Records from a data source
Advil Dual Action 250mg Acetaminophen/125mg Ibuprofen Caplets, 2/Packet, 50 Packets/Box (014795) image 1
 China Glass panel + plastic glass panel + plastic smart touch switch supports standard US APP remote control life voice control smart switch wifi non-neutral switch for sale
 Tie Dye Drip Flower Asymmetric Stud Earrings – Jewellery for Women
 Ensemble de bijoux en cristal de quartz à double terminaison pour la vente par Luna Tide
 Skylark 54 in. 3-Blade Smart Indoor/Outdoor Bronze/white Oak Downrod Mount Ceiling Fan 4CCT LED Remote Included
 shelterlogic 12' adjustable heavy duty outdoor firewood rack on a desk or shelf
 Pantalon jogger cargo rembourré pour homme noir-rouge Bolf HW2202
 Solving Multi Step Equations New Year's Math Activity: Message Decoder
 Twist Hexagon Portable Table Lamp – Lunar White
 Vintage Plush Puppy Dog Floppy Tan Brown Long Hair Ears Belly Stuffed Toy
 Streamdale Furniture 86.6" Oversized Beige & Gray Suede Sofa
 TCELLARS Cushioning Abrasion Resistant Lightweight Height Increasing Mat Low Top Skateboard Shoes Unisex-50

[Exercise brief]
Nothing in the records may change. Print all of them.

[Task solution]
Advil Dual Action 250mg Acetaminophen/125mg Ibuprofen Caplets, 2/Packet, 50 Packets/Box (014795) image 1
 China Glass panel + plastic glass panel + plastic smart touch switch supports standard US APP remote control life voice control smart switch wifi non-neutral switch for sale
 Tie Dye Drip Flower Asymmetric Stud Earrings – Jewellery for Women
 Ensemble de bijoux en cristal de quartz à double terminaison pour la vente par Luna Tide
 Skylark 54 in. 3-Blade Smart Indoor/Outdoor Bronze/white Oak Downrod Mount Ceiling Fan 4CCT LED Remote Included
 shelterlogic 12' adjustable heavy duty outdoor firewood rack on a desk or shelf
 Pantalon jogger cargo rembourré pour homme noir-rouge Bolf HW2202
 Solving Multi Step Equations New Year's Math Activity: Message Decoder
 Twist Hexagon Portable Table Lamp – Lunar White
 Vintage Plush Puppy Dog Floppy Tan Brown Long Hair Ears Belly Stuffed Toy
 Streamdale Furniture 86.6" Oversized Beige & Gray Suede Sofa
 TCELLARS Cushioning Abrasion Resistant Lightweight Height Increasing Mat Low Top Skateboard Shoes Unisex-50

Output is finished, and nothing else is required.